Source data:
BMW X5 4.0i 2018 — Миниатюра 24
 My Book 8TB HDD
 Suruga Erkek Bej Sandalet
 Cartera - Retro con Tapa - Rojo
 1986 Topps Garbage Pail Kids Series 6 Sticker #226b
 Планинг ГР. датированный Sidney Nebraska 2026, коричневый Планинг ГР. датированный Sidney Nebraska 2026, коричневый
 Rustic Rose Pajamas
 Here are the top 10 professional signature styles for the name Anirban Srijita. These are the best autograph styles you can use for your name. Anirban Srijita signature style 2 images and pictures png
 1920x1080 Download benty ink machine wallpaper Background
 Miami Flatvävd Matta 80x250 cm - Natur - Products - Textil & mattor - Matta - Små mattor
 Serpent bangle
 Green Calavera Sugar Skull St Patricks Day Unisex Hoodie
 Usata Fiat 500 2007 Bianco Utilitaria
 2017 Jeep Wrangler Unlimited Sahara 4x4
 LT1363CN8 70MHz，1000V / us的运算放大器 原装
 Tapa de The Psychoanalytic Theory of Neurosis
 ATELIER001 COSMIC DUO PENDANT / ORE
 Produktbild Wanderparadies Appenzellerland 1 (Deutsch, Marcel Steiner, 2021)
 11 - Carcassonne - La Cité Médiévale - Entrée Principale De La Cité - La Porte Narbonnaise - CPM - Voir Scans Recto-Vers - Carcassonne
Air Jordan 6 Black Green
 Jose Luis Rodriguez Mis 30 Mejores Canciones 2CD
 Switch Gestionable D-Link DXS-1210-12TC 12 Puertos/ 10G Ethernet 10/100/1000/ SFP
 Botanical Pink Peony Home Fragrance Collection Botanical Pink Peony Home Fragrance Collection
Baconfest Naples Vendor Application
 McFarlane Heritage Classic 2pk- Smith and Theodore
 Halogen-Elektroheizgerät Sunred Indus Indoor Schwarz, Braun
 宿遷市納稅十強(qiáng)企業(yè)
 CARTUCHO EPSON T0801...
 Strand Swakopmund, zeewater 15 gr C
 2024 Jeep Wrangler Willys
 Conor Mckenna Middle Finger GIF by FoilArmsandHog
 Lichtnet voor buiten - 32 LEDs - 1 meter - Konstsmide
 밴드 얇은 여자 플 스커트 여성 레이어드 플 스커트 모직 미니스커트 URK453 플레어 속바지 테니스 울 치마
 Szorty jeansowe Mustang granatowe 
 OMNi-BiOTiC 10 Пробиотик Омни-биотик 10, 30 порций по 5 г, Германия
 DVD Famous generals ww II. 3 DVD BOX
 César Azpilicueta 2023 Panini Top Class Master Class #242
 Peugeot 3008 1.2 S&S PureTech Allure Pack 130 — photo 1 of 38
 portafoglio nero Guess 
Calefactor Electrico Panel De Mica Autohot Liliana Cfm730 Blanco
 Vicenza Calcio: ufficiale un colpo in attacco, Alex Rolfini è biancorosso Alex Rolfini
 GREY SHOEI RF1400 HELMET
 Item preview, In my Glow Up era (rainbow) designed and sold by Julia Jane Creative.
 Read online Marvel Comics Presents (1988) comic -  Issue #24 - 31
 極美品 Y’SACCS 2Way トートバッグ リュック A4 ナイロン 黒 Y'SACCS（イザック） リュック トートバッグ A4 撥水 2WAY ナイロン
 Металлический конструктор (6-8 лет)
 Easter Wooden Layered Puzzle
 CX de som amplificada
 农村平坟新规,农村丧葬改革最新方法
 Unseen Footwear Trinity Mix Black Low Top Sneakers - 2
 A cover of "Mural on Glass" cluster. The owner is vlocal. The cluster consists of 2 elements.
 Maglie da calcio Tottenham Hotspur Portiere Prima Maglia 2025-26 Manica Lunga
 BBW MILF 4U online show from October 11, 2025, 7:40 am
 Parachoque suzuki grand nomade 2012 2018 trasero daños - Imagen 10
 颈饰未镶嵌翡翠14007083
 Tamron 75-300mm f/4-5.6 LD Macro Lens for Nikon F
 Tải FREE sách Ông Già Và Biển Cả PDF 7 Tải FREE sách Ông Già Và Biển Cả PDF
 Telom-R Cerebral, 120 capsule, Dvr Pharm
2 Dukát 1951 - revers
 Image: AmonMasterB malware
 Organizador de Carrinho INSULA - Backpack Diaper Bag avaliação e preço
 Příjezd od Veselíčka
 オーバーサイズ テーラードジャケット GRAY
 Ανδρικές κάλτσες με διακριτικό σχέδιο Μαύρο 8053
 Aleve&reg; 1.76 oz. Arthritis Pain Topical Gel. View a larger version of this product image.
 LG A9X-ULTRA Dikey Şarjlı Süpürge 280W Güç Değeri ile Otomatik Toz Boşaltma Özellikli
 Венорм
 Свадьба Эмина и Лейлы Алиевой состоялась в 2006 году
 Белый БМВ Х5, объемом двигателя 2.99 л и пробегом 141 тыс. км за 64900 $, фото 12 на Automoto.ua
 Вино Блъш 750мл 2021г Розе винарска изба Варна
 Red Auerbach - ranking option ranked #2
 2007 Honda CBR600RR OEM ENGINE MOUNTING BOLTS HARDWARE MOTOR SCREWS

What you will do: Starting at the line above that holds "OMNi-BiOTiC 10 Пробиотик" and ending at the line that holds "portafoglio nero Guess", transcribe each line exactly and include no other lines.

The completed task:
 OMNi-BiOTiC 10 Пробиотик Омни-биотик 10, 30 порций по 5 г, Германия
 DVD Famous generals ww II. 3 DVD BOX
 César Azpilicueta 2023 Panini Top Class Master Class #242
 Peugeot 3008 1.2 S&S PureTech Allure Pack 130 — photo 1 of 38
 portafoglio nero Guess 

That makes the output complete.